The real current gap is closer to £140 (around £435 for the Butterfly versus around £295 for the Clic 2), not £200. Whether it's worth paying depends mainly on how you'll use it: if you'll use it daily as well as for travel, or you fly regularly and want a stroller that's actually cabin approved, yes. The larger basket, smoother ride, and IATA cabin approval are genuine, everyday differences rather than marketing claims. If it's purely for one or two holidays a year and you don't mind gate-checking, the Clic delivers most of the same benefit for noticeably less money.
Which is lighter?
The Silver Cross Clic is lighter at 6.5kg versus the Bugaboo Butterfly's 7.3kg. That 0.8kg difference makes a real difference when you're lifting the stroller onto buses, up stairs, or into an overhead locker repeatedly on a travel day.
Are both cabin approved?
No. The Bugaboo Butterfly folds within most airline cabin size limits and is widely used as hand luggage on budget and full-service carriers. The current Silver Cross Clic 2 is not IATA cabin approved, so most airlines will expect you to gate-check or hold-check it rather than bring it into the cabin. Always check your specific airline's current policy using our stroller airline checker before you fly.
Which is better for bumpy pavements?
The Bugaboo Butterfly.

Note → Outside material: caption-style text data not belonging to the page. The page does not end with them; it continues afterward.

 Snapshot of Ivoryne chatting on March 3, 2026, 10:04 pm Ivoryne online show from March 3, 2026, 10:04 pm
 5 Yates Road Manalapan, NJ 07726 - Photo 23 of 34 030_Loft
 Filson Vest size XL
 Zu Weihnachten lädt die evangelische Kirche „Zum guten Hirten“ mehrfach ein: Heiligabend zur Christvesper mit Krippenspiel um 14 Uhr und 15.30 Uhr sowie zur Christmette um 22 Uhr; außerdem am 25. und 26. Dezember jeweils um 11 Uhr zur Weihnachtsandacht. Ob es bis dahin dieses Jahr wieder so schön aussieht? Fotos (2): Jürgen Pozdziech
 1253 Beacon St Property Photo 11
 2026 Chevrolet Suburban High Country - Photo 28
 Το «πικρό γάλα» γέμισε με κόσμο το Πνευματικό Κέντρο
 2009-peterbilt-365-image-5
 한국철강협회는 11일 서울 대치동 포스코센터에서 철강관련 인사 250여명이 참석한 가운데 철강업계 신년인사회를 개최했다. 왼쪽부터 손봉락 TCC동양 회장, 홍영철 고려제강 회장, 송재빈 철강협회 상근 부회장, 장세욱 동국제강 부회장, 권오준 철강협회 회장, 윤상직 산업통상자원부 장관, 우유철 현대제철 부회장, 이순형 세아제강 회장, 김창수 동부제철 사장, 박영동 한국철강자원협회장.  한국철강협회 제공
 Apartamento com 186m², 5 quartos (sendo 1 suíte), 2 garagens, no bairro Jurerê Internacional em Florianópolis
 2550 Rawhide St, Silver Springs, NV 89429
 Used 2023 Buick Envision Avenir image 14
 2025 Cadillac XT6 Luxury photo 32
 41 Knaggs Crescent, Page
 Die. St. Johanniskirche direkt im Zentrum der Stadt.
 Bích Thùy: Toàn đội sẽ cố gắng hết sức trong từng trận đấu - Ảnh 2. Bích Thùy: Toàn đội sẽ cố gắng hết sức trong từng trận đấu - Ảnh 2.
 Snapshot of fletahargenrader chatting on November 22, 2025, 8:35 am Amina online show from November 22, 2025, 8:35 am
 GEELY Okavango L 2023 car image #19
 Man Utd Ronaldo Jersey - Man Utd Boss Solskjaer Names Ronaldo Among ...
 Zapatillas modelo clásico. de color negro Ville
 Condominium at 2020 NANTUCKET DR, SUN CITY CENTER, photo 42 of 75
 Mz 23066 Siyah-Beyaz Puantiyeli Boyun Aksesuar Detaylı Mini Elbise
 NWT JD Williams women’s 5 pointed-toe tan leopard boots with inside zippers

Its suspension and frame absorb kerbs, cobbles, and uneven ground noticeably better than the Clic, which is fine on smooth surfaces like terminals and shopping centres but feels its budget price on rougher terrain.
Can I use either from birth?
Yes, with caveats. The Silver Cross Clic 2 has a genuinely lie-flat seat suitable from birth, no separate newborn nest required. The Bugaboo Butterfly can only be used from birth with the separately purchased car seat or Bugaboo baby nest; the seat unit itself is suitable from around 6 months. If you need lie-flat newborn sleep as standard without buying an extra accessory, the Clic has the edge here.